**INFORMATION SHOWN**

◇ ◇ ◇ ◇ ◇ ◇ ◇

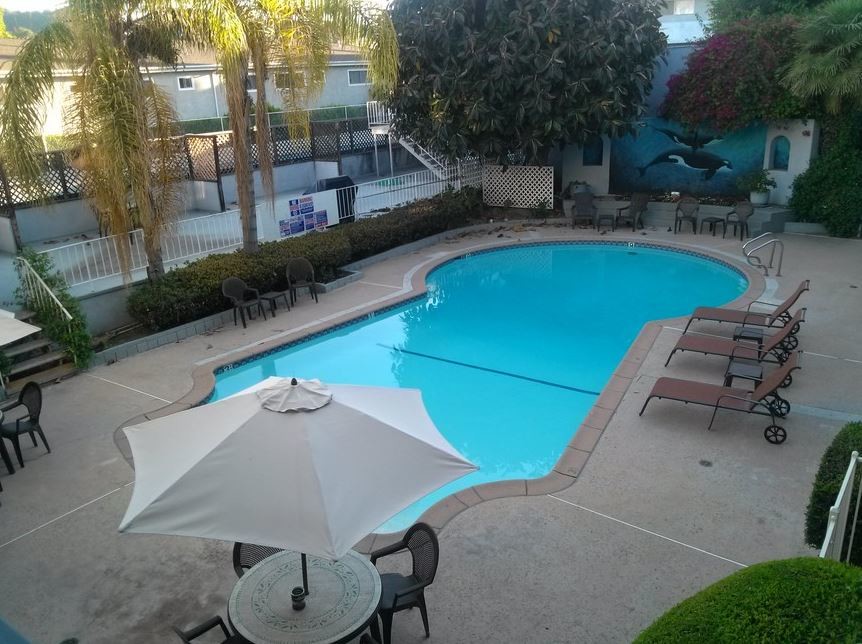 Photo - 4605 Sylmar Ave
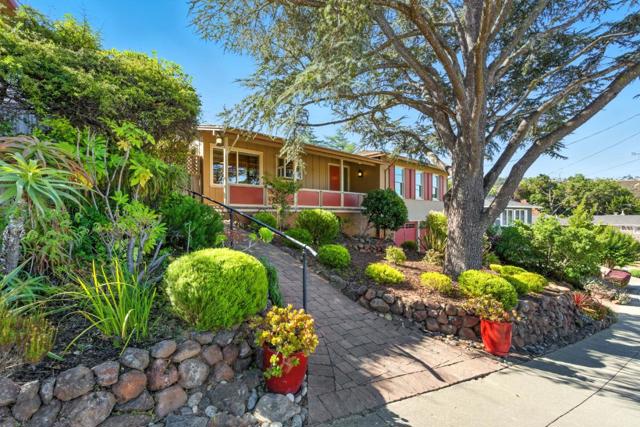 1627 El Verano Way, Belmont CA: https://media.crmls.org/mediaz/b78d7b24-d39b-4e58-b401-3cb1231029d7.jpg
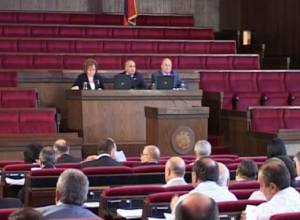 Discussion of amendments delayed till tomorrow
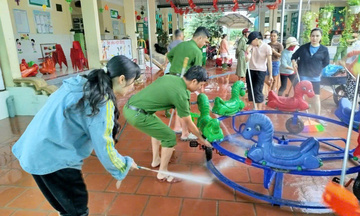 Thành phố Huế: Hàng trăm cán bộ, chiến sỹ giúp dân khắc phục mưa lũ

◇ ◇ ◇ ◇ ◇ ◇ ◇

**TASK DETAILS**
Write out the material above exactly; no pictures.

**WRITTEN REPLY**
 Photo - 4605 Sylmar Ave
 1627 El Verano Way, Belmont CA: https://media.crmls.org/mediaz/b78d7b24-d39b-4e58-b401-3cb1231029d7.jpg
 Discussion of amendments delayed till tomorrow
 Thành phố Huế: Hàng trăm cán bộ, chiến sỹ giúp dân khắc phục mưa lũ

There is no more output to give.